Monday, Feb. 18, 1946
Old Play in Manhattan
Lute Song (adapted from the Chinese Pi-Pa-Chi by Will Irwin & the late Sidney Howard; music by Raymond Scott; produced by Michael Myerberg) is the season's loveliest production and most charming failure. A retelling, with music, dances and pageantry, of a 500-year-old Chinese classic, it never quite catches the inner glow of art or the outward stir of theater. There should have been either less spectacle or less story. As it is, the old tale is retold at considerable length, but loses much of its flow and human feeling through gorgeous interruptions and sumptuous distractions. What's more, neither the writing nor the acting has quite the stylized quality it reaches after.
Lute Song tells of Tsai-Yong (Yul Brynner), a provincial young student who leaves his wife (Mary Martin) and parents to make his mark in the world. He becomes a famous magistrate, is forced to marry an autocratic prince's daughter, is forbidden to communicate with his family. His parents die, cursing him, during a famine, but his wife remains staunchly faithful.

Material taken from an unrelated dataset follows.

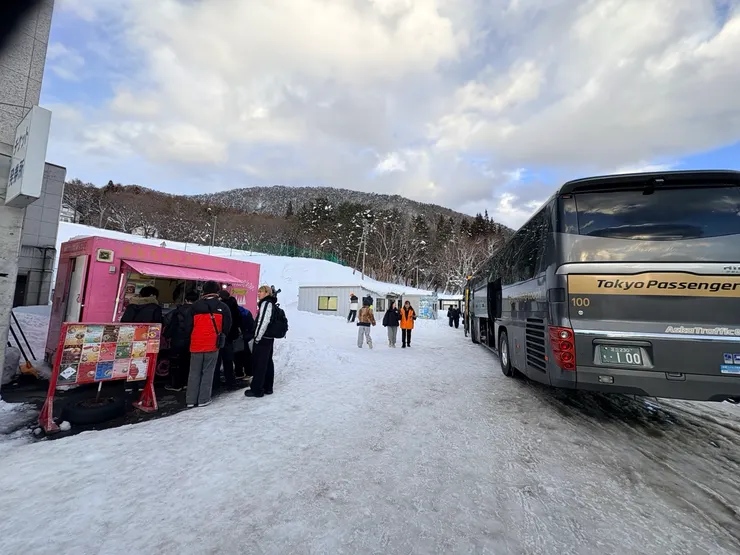接送一日來回雪場客人的大巴士。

She is at last reunited with Tsai-Yong by the princess, and remains in the palace as No. 1 wife.
Real hero of Lute Song is famed, all-too-infrequently busy Scene Designer Robert Edmond Jones (Emperor Jones, Green Pastures), whose sets and costumes are often things of splendor. They tremendously enhance the movement as well as the looks of the play--the wedding and burial scenes, the exotic dances, a captivating Imperial March. The best of Composer Scott's incidental music has color also, and one or two of the little songs he has written for Mary Martin have a reedy charm. Actress Martin, straying far from the My Heart Belongs to Daddy sort of singing that made her famous, is attractive and scrupulously unself-indulgent in a role that leaves her, like Lute Song itself, a little lifeless.